はじめに:黄金律を自分だけのサウンドに
これまでの記事で、カノン進行の基本から応用までを探ってきました。第4回では簡単なアレンジ術に触れましたが、今回はさらにその先へ。ありふれたカノン進行を、あなただけのオリジナリティ溢れる、プロフェッショナルな響きに変えるための「上級アレンジ術」を伝授します。
「テンションノート」でお洒落に、「セカンダリードミナント」でドラマティックに、「借用和音」で意外性を。これらのテクニックを駆使すれば、カノン進行は無限の表情を見せ始めます。DTMでの作曲や、バンドアレンジの質を格段に向上させたい方は必見です。
テクニック1:響きを豊かにする「テンションノート」の魔法
いつもの C や Am に、1つ音を加えるだけで、サウンドは驚くほど洗練されます。それがテンションノートです。
- 基本: 3和音(ドミソなど)に、さらに音を重ねて4和音(セブンスコード)以上にすること。
- 効果: コードに複雑さと色彩を与え、都会的で「おしゃれ」な響きを生み出します。
【カノン進行への適用例】
元の進行: C → G → Am → Em → F → C → F → G
↓
アレンジ後: **CM7** → **G7** → **Am7** → **Em7** → **FM7** → **CM7** → **FM7** → **G7**
- CM7 (ドミソシ): Cに「シ」の音を追加。優しく、浮遊感のある響き。
- G7 (ソシレファ): Gに「ファ」の音を追加。次にCへ進みたくなる緊張感がさらに増す。
- Am7 (ラドミソ): Amに「ソ」の音を追加。切なさの中に、少し大人びた雰囲気が加わる。
さらに、Cadd9 (ドミソレ) や Am9 (ラドミソシ) といった9thの音を加えると、よりモダンで浮遊感のあるサウンドになります。

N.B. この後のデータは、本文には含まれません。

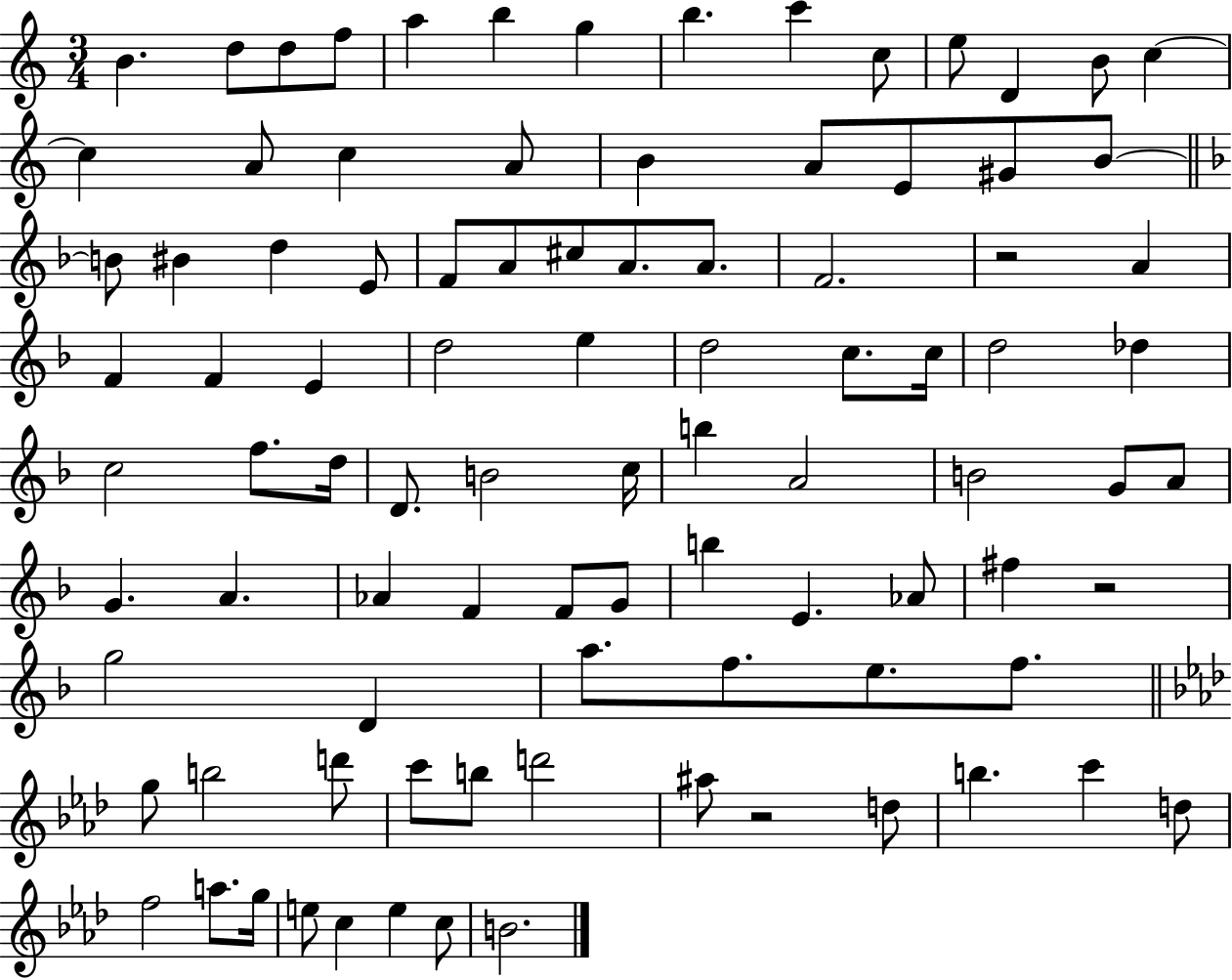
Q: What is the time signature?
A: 3/4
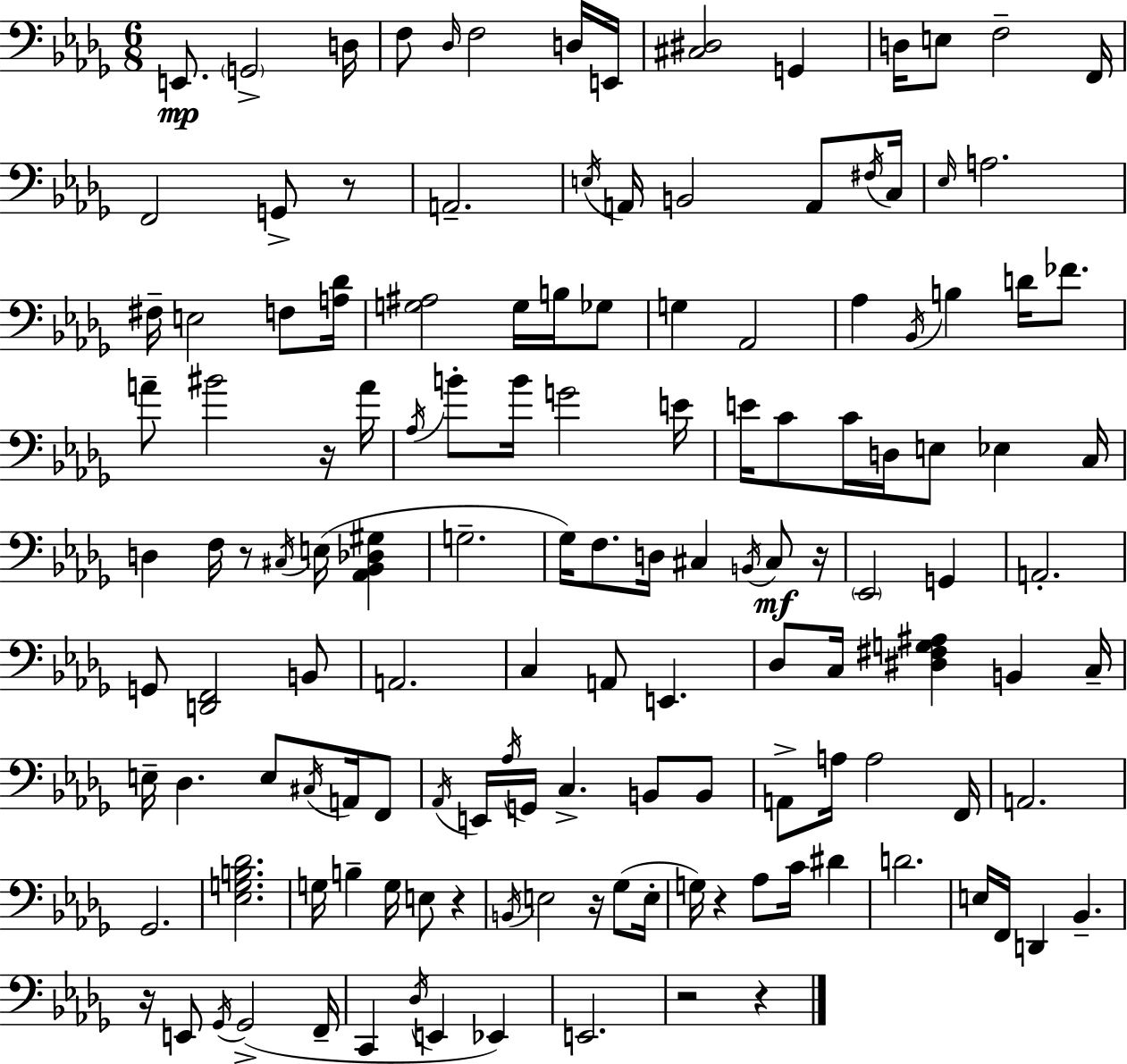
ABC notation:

X:1
T:Untitled
M:6/8
L:1/4
K:Bbm
E,,/2 G,,2 D,/4 F,/2 _D,/4 F,2 D,/4 E,,/4 [^C,^D,]2 G,, D,/4 E,/2 F,2 F,,/4 F,,2 G,,/2 z/2 A,,2 E,/4 A,,/4 B,,2 A,,/2 ^F,/4 C,/4 _E,/4 A,2 ^F,/4 E,2 F,/2 [A,_D]/4 [G,^A,]2 G,/4 B,/4 _G,/2 G, _A,,2 _A, _B,,/4 B, D/4 _F/2 A/2 ^B2 z/4 A/4 _A,/4 B/2 B/4 G2 E/4 E/4 C/2 C/4 D,/4 E,/2 _E, C,/4 D, F,/4 z/2 ^C,/4 E,/4 [_A,,_B,,_D,^G,] G,2 _G,/4 F,/2 D,/4 ^C, B,,/4 ^C,/2 z/4 _E,,2 G,, A,,2 G,,/2 [D,,F,,]2 B,,/2 A,,2 C, A,,/2 E,, _D,/2 C,/4 [^D,^F,G,^A,] B,, C,/4 E,/4 _D, E,/2 ^C,/4 A,,/4 F,,/2 _A,,/4 E,,/4 _A,/4 G,,/4 C, B,,/2 B,,/2 A,,/2 A,/4 A,2 F,,/4 A,,2 _G,,2 [_E,G,B,_D]2 G,/4 B, G,/4 E,/2 z B,,/4 E,2 z/4 _G,/2 E,/4 G,/4 z _A,/2 C/4 ^D D2 E,/4 F,,/4 D,, _B,, z/4 E,,/2 _G,,/4 _G,,2 F,,/4 C,, _D,/4 E,, _E,, E,,2 z2 z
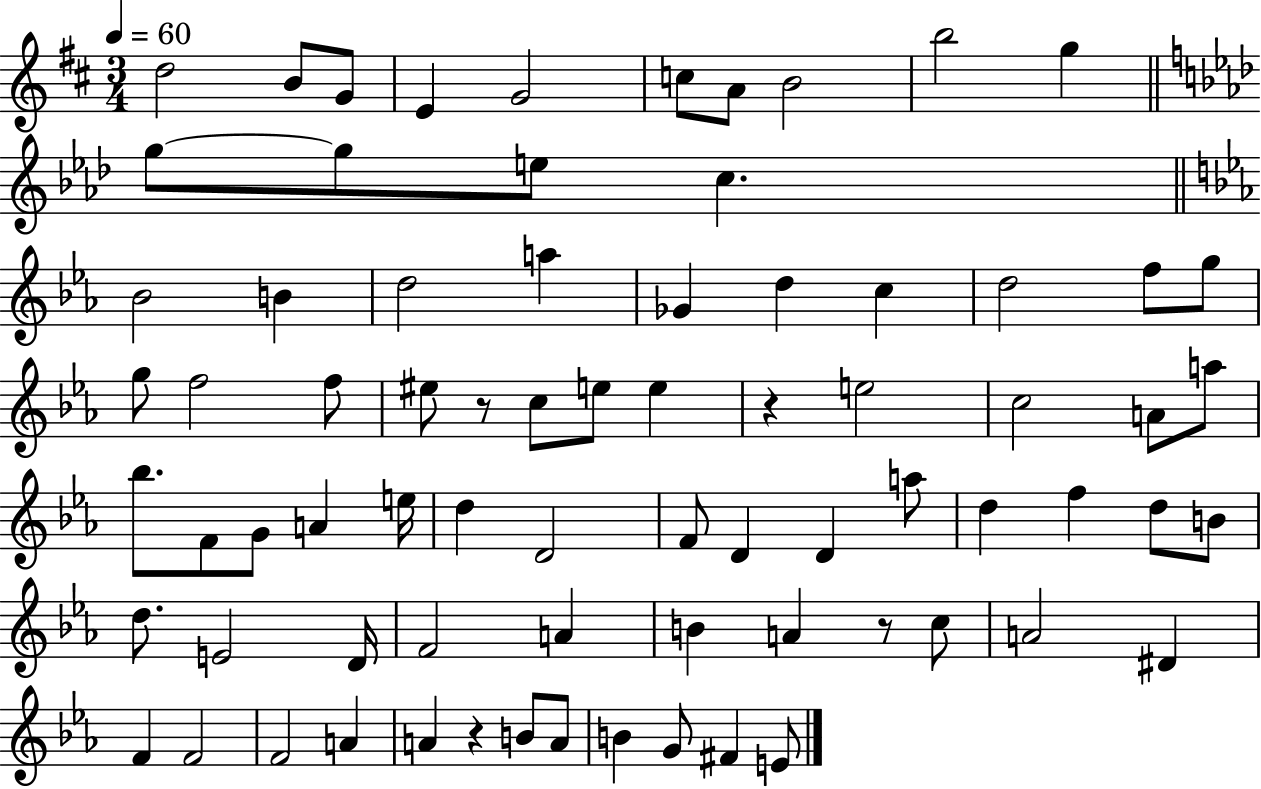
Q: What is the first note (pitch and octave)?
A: D5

テクニック2:滑らかな流れを生む「分数コード」と「ウォーキングベース」
**分数コード(オンコード)**とは、コードの最低音(ベース音)を指定するテクニックです。これを使うと、ベースラインが滑らかにつながり、曲全体に安定感とグルーヴが生まれます。
【ベースラインを滑らかにする適用例】
元の進行 (ベース音): ド → ソ → ラ → ミ → ファ → ド → ファ → ソ (音の跳躍が大きい)
↓
アレンジ後: C → **G/B** → Am → **Am/G** → F → **C/E** → Dm7 → G
アレンジ後のベース音: ド → **シ** → ラ → **ソ** → ファ → **ミ** → レ → ソ (隣の音へ順に下降)
このようにベースが順に動くことで、聴き心地が格段に向上します。ジャズなどで聴かれる、ベースがメロディックに動き回る「ウォーキングベース」も、この考え方の延長線上にあります。
テクニック3:意外性と感動を生む「借用和音(モーダルインターチェンジ)」
曲に深みと意外性を加えたいときの切り札が「借用和音」です。これは、同じ主音を持つ短調(CメジャーキーならCマイナーキー)からコードを「借りてくる」テクニックです。
Cマイナーキーのダイアトニックコード: Cm, Ddim, Eb, **Fm**, **Gm**, **Ab**, **Bb**
【カノン進行への適用例】
- FをFmに変える
C → G → Am → Em → **Fm** → C → F → GF(ファラド)がFm(ファ・ラ♭・ド)になることで、一瞬影が差し、非常に切なくドラマティックな響きになります。多くのJ-POPの名曲で使われるテクニックです。 - EmをEbに変える
C → G → Am → **Eb** → F → C → F → GAmからEbへの進行は意表を突く展開で、曲のフックになります。トニック(Am)からサブドミナント(F)への橋渡しとして機能します。
まとめ:カノン進行は再構築するキャンバス
今回は、ありふれたカノン進行をプロ級のサウンドに昇華させるための3つの上級テクニックをご紹介しました。
- テンションノートで、コードにお洒落な色彩を加える。
- 分数コードで、滑らかなベースラインを構築する。
- 借用和音で、感動と意外性を演出する。
カノン進行は完成されたものではなく、あくまで作曲の出発点です。これらのテクニックを参考に、自由にコードを組み替え、響きを試し(リハモナイズ)、あなただけの黄金律を創り出してください。音楽の探求は、ここからさらに面白くなります。